7.8.3 Rebooting a Cluster from a Major Outage

If your cluster experiences a complete outage you can reconfigure it using dba.rebootClusterFromCompleteOutage(). This operation enables you to connect to one of the cluster's MySQL instances and use its metadata to recover the cluster.

A complete outage means that group replication has stopped on all member instances.

Note

Ensure all cluster members are started before running dba.rebootClusterFromCompleteOutage(). The command will fail if any of the cluster members are unreachable.

This check is ignored if the cluster is INVALIDATED and is a member of a ClusterSet.

Connect to the most up-to-date instance and run the following command:

  JS> var cluster = dba.rebootClusterFromCompleteOutage()

If all members have the same GTID set, the member to which you are currently connected becomes the primary. See Selecting a Primary with rebootClusterFromCompleteOutage.

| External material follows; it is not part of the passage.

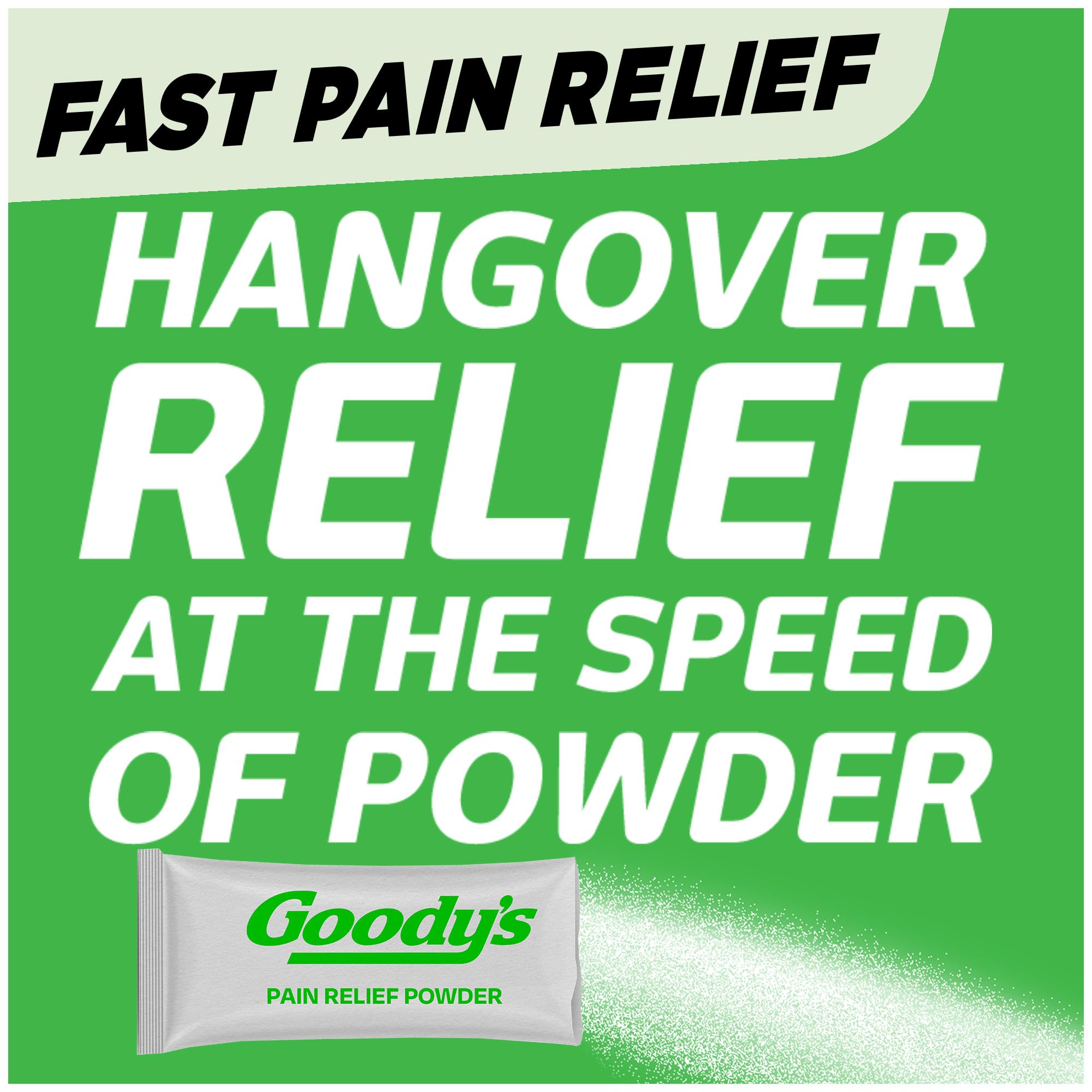 Goody's Hangover Relief Powder, Dual Action Fast Headache Pain Relief with Aspirin and Caffeine, Berry Citrus Flavor, 16 Count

The dba.rebootClusterFromCompleteOutage() operation follows these steps to ensure the cluster is correctly reconfigured:

Cluster metadata and the cluster topology is retrieved from the current instance.
If a cluster member is in RECOVERING or ERROR, and all other members are OFFLINE or ERROR, dba.rebootClusterFromCompleteOutage() attempts to stop Group Replication on that member. If Group Replication fails to stop, the command stops and displays an error.
The InnoDB Cluster metadata found on the instance which MySQL Shell is currently connected to is checked to see if it contains the GTID superset. If the currently connected instance does not contain the GTID superset, the operation aborts with that information.
See GTID Superset.
If the instance contains the GTID superset, the cluster is recovered based on the metadata stored in that instance.
MySQL Shell checks which instances of the cluster are currently reachable and fails if any member is currently unreachable.
Note
It is possible to bypass this check with the force option. This reboots the cluster using the remaining contactable members.
See Force Option.
Similarly, MySQL Shell detects instances which are currently not reachable. It is not possible to add or remove former members to the cluster as part of the dba.rebootClusterFromCompleteOutage() command, if they are currently unreachable.
If enabled on the primary instance of the cluster, while in single-primary mode, super_read_only is disabled.

GTID Superset

To reboot the cluster, you must connect to the member with the GTID superset, which means the instance which had applied the most transactions before the outage.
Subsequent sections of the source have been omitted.